##### Raw data
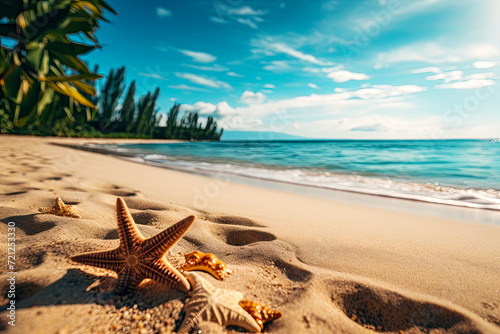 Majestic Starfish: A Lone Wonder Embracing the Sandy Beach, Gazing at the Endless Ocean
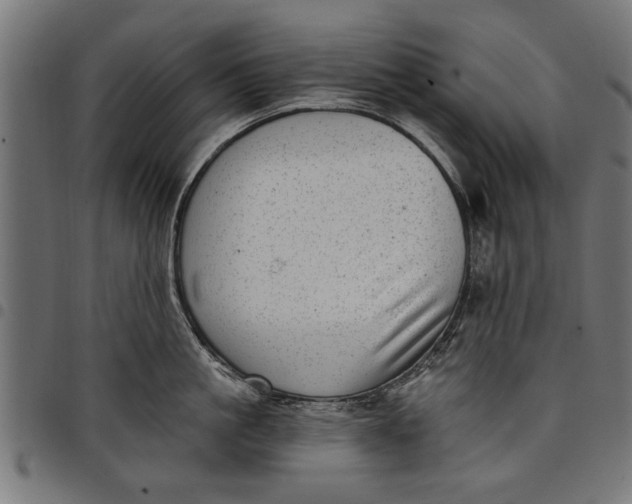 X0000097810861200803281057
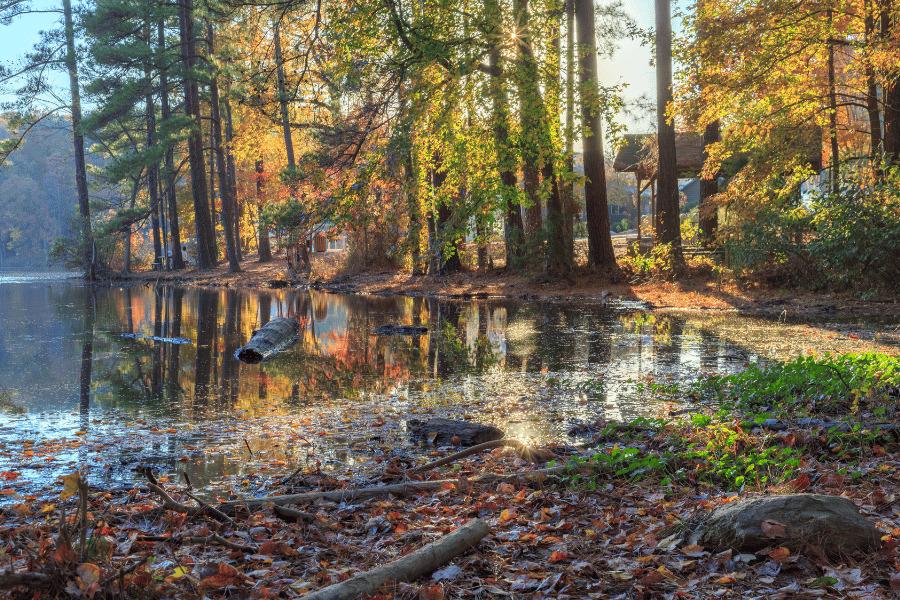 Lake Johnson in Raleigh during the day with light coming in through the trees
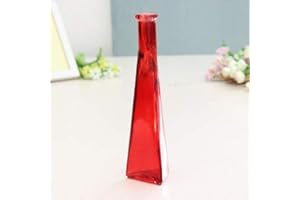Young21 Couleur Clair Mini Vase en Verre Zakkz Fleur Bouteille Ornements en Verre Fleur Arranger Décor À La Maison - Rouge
##########
##### Raw data
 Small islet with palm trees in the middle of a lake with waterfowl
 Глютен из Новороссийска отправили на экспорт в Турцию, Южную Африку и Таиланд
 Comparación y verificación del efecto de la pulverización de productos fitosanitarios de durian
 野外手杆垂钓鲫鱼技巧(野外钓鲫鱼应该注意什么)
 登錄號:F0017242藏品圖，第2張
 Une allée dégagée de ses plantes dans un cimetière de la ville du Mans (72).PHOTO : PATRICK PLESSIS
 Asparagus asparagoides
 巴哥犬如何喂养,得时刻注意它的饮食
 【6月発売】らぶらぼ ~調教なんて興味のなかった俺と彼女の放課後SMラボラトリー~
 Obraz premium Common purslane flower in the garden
##########
→ Exercise description: Write out exactly the lines above from the line with "登錄號:F0017242藏品圖，第2張" through the line with "Obraz premium Common", both of them included, and leave out all other lines.

→ Your response:
 登錄號:F0017242藏品圖，第2張
 Une allée dégagée de ses plantes dans un cimetière de la ville du Mans (72).PHOTO : PATRICK PLESSIS
 Asparagus asparagoides
 巴哥犬如何喂养,得时刻注意它的饮食
 【6月発売】らぶらぼ ~調教なんて興味のなかった俺と彼女の放課後SMラボラトリー~
 Obraz premium Common purslane flower in the garden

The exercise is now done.